Я попрощался со Степаном Сергеевичем, забрался обратно в штабную двуколку и отправился дальше. В голове крутились мысли, что разговор прошел совсем не так, как я задумывал. Хотел ведь рассказать про то, что за одного битого двух небитых дают, но только увидел Шереметева, и как-то сразу стало понятно, что красивые хлесткие фразы — это последнее, что ему сейчас нужно. Вот и вышло все проще, грубее, но… правильнее.

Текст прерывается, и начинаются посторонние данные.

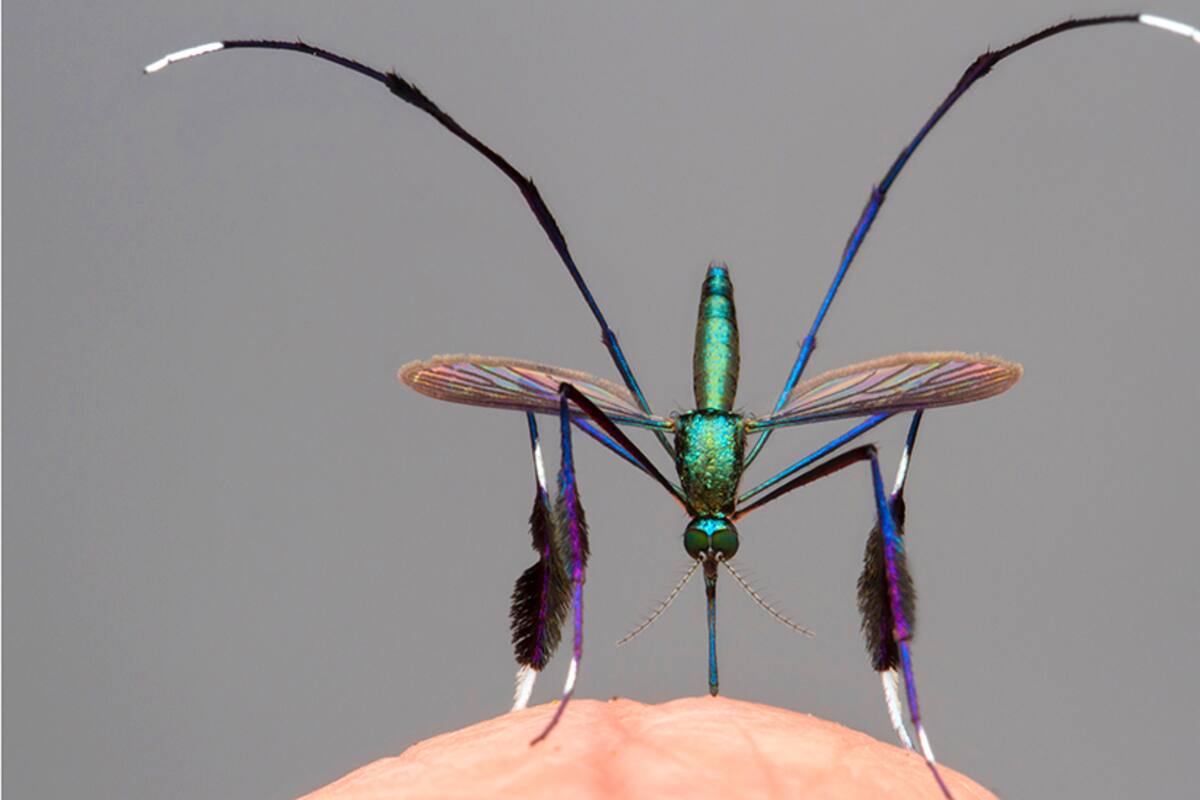 El mosquito "más hermoso del mundo" y otras imágenes del concurso más prestigioso de fotografía de la naturaleza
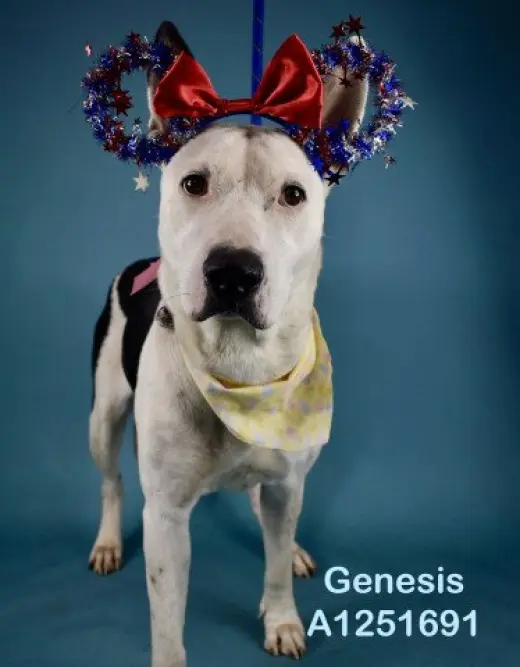 *GENESIS
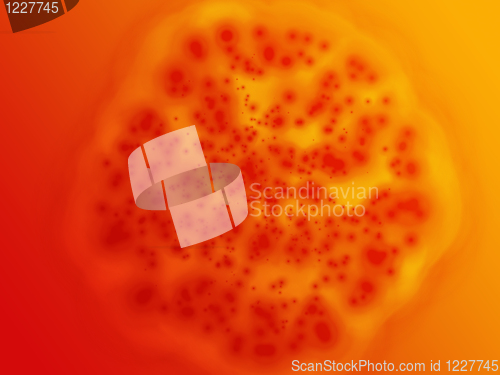 Image of Bacterial cell growth illustration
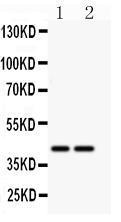 Anti-CD244 Rabbit Polyclonal Antibody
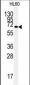 HSPA5 Antibody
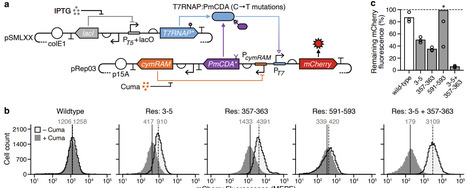 Structure-guided design of protein attachment points for functional augmentation of complex molecular machines | Brvbe | RMH | Scoop.it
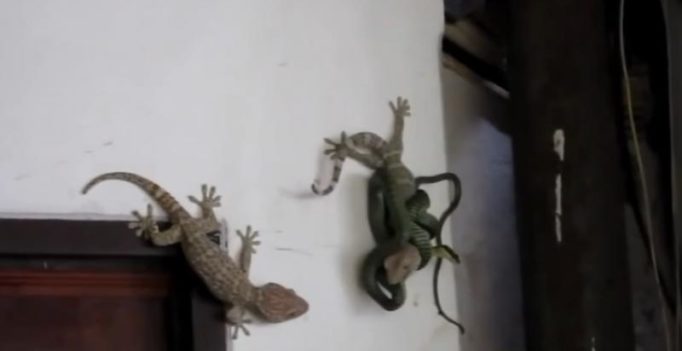 Video: Lizard’s thrilling face off with snake to save friend goes viral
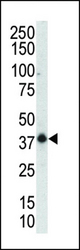 Western blot of anti-P38gamma C-term antibody in mouse muscle tissue lysate. P38gamma (arrow) was detected using purified antibody. Secondary HRP-anti-rabbit was used for signal visualization with chemiluminescence.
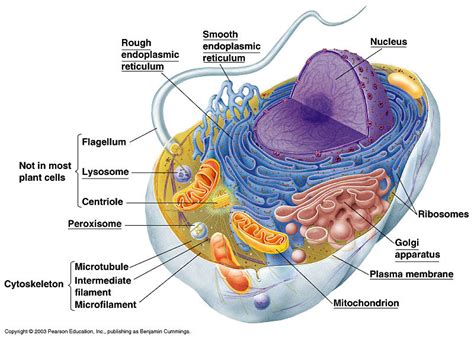 Schematic of a cell and its components. Cells are highly complex,... | Download Scientific Diagram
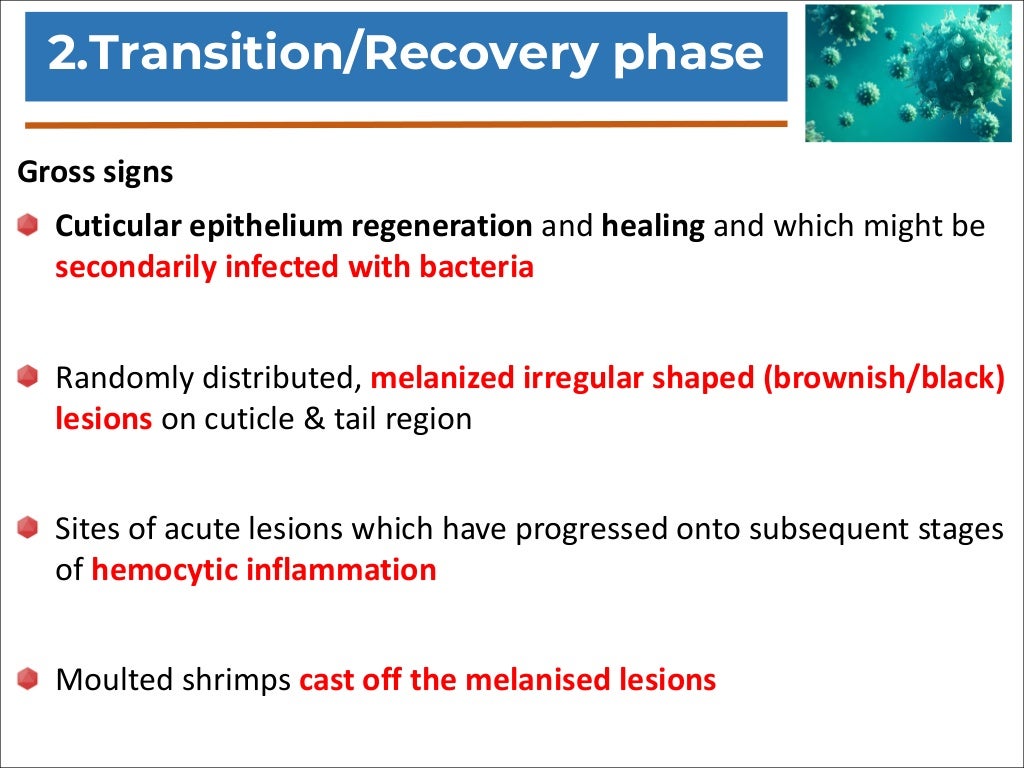 Taura syndrome virus (TSV)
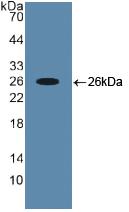 CBFA1 / RUNX2 Antibody - Western Blot; Sample: Recombinant RUNX2, Human.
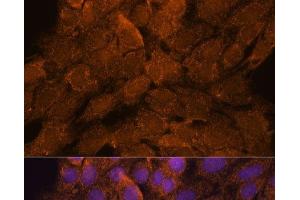 Immunofluorescence analysis of C6 cells using TNFAIP8L2 Polyclonal Antibody at dilution of 1:100. (TNFAIP8L2 Antikörper)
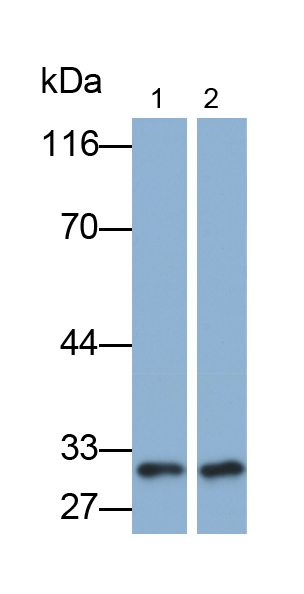 Monoclonal Antibody to Tumor Necrosis Factor Receptor Superfamily, Member 5 (CD40)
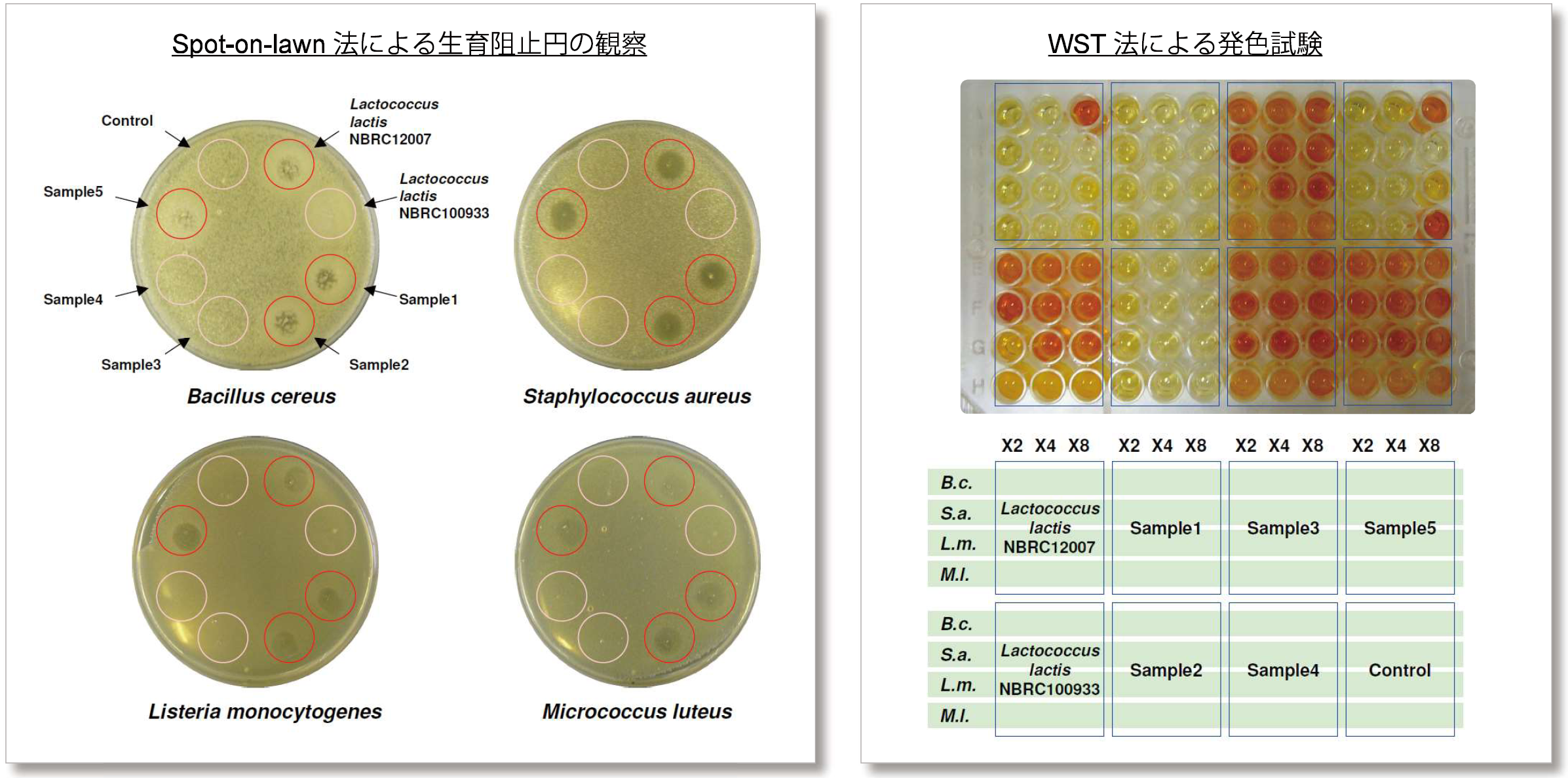 微生物増殖アッセイキット Microbial Viability Assay Kit Wst 同仁化学研究所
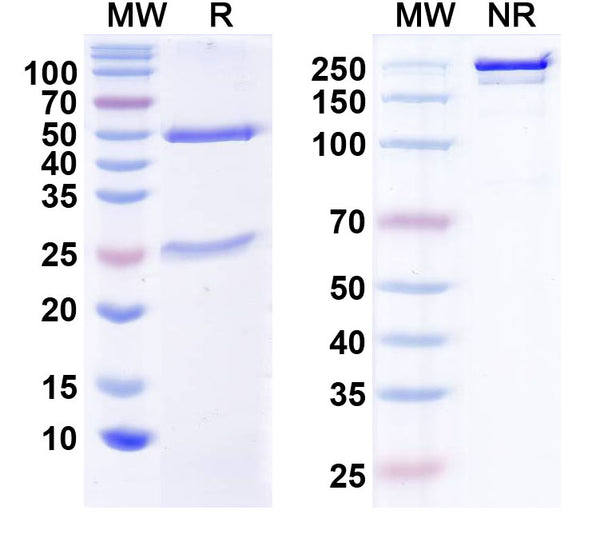 SDS-PAGE for Anti-CELF4/BRUNOL4 Antibody (N446/80)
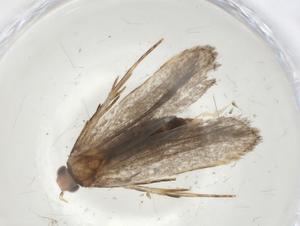  ( - CBG-A07872-C06)  @11 [ ] CreativeCommons - Attribution (2023) Centre for Biodiversity Genomics Centre for Biodiversity Genomics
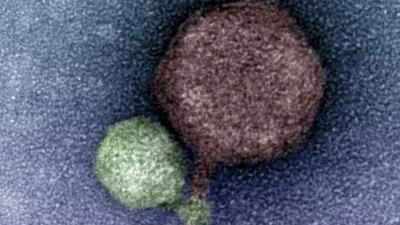 Vampire Virus Astonishes Scientists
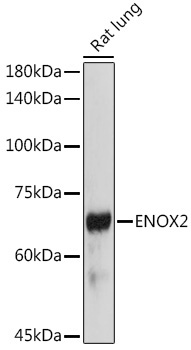 ENOX2 Rabbit Polyclonal Antibody - Image 2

Главное, что полковник сейчас готов к бою, а насчет того, сделало ли его поражение сильнее и мудрее или же сломало, узнаю уже только завтра.
Добравшись до позиций 2-й дивизии Мелехова, я сразу ощутил совсем другую атмосферу. Здесь солдаты победили, и это чувствовалось во всем. В песнях, что тихо звучали у костров в тылу, во взглядах, которыми люди вокруг смотрели друг на друга и на меня, в словах, которыми они вспоминали прошедший день.